I never was at the level to actually play in a band on a stage, as you were/are, but I can sure relate.
I alway been drawn to fingerstyle solo stuff. In the early 70's, while in college, I needed only a few weeks to listen/rewind/listen again to a John Fahey solo on my portable real-to-real tape player/recorder and pretty much learn and remember and actually do a pretty good emulation from start to end.
Scan forward 30 years to my early 50's, (that would be 15 years ago) I took up the guitar again. New technologies allowed me to learn many tunes from TAB, MP3's, slowing down without changing pitch, and record myself to compare my attempt with the original. After a few months to regain finger strength, dexterity and finger tip callouses, I began to do pretty well. My fingers still could remember and play pretty complex stuff. Better than in college actually. But what changed over the years was a now epidemic penchant for frequent blow-outs while playing. Yeah, there are those sequences that always will cause trouble. The ones forever beyond my ability. But even simple sections of songs were never safe.

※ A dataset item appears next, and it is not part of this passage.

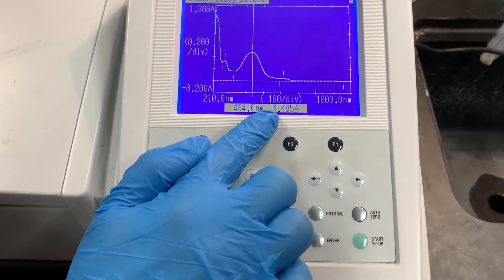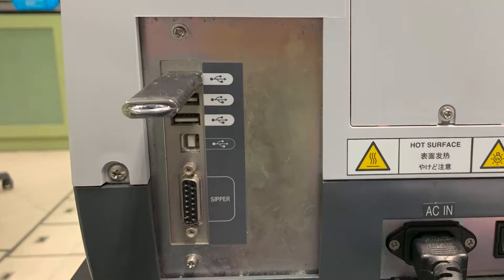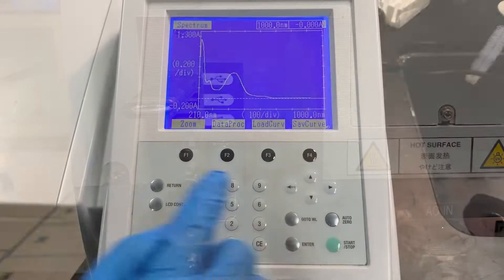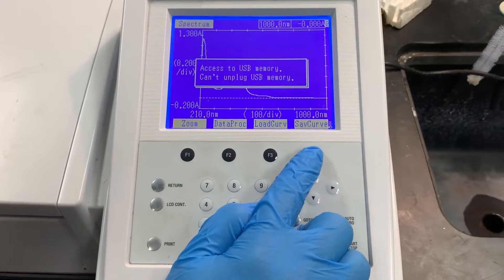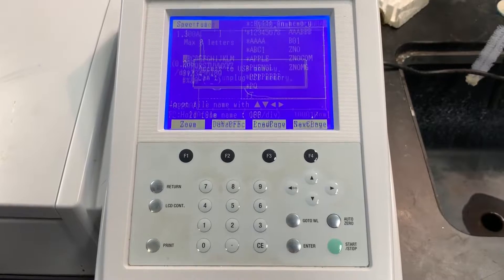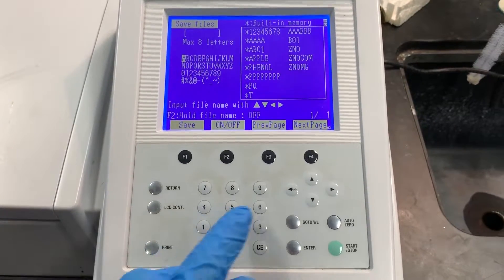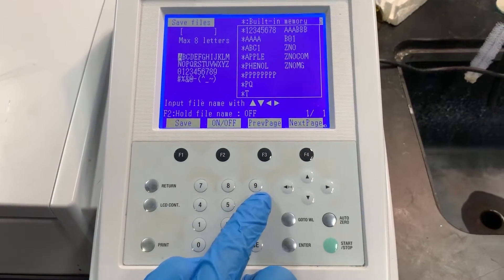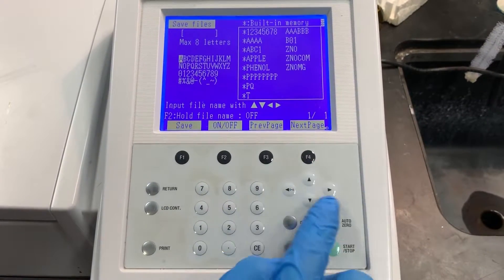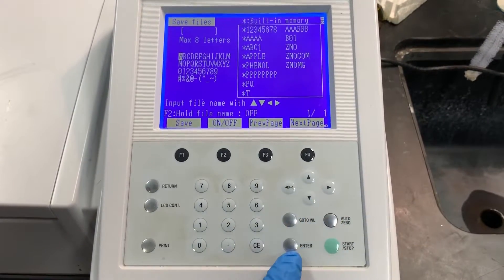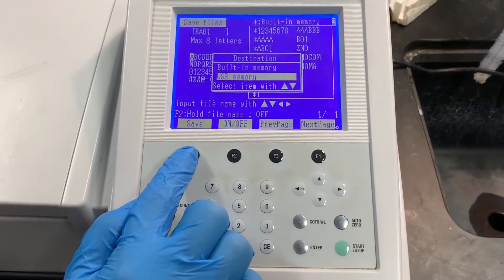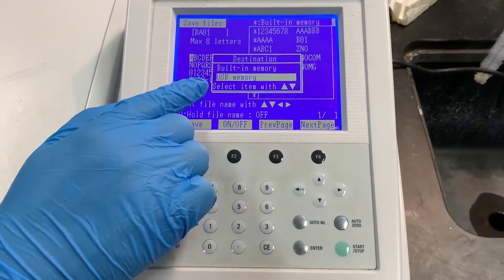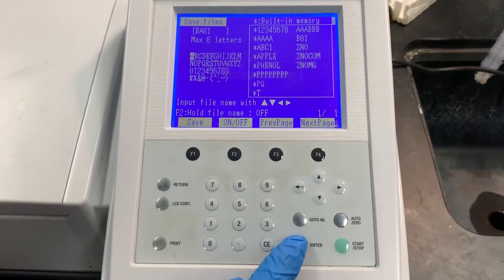To save the file to a thumb drive, plug the thumb drive into the back of the machine. Select save curve. Use the arrow, number, and enter keys to type out the name of the file to save as. Select save and USB memory to save the file.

Now at age 67, I have instead taken to playing/learning new songs by reading directly from the music or tab without looking at the fret board while practicing. Been a real (very frustrating) adventure learning to move positions from up/down between the 1st fret and say the 7th or 9th or 12th without looking. Getting better at it, but I'll never be a natural. But the most significant result of playing directly from the written score is that I am not able to memorize as before.
But the real reason though is: ADVANCING AGE!